**Dataset content:**
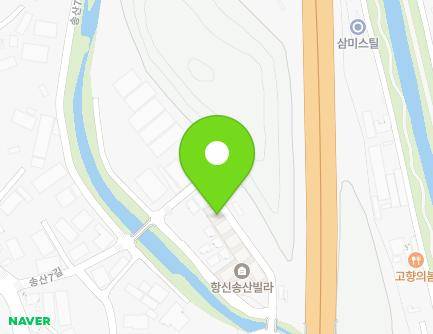 18-53 Songsan 7-gil, Dongmyeong-myeon, Chilgok-gun, Gyeongsangbuk-do, Republic of Korea Map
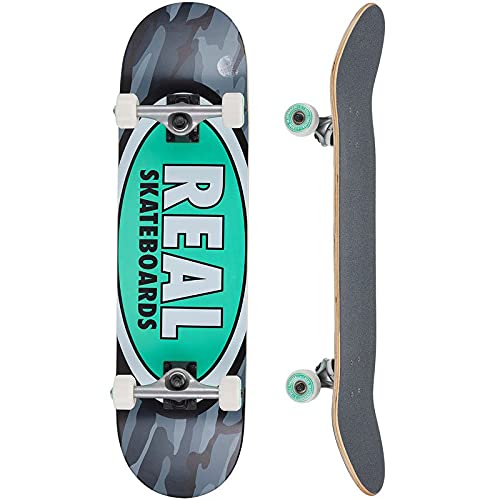 Amazon | リアル REAL スケートボード コンプリート OVAL CAMO XL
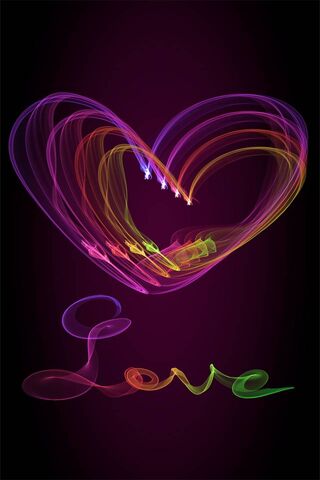 Neon Love Wallpaper Download To Your Mobile From Phoneky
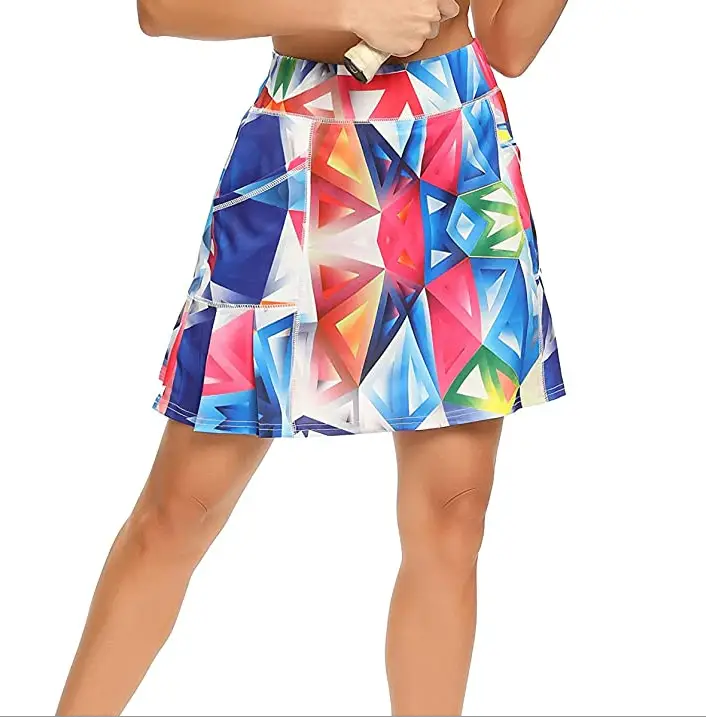 Women's 2024 Geo Printed High Waist Shorts Skirt - Image 5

**Exercise description:** In the reply, each line of the data must appear exactly as written, and no picture may appear.

**Response:**
 18-53 Songsan 7-gil, Dongmyeong-myeon, Chilgok-gun, Gyeongsangbuk-do, Republic of Korea Map
 Amazon | リアル REAL スケートボード コンプリート OVAL CAMO XL
 Neon Love Wallpaper Download To Your Mobile From Phoneky
 Women's 2024 Geo Printed High Waist Shorts Skirt - Image 5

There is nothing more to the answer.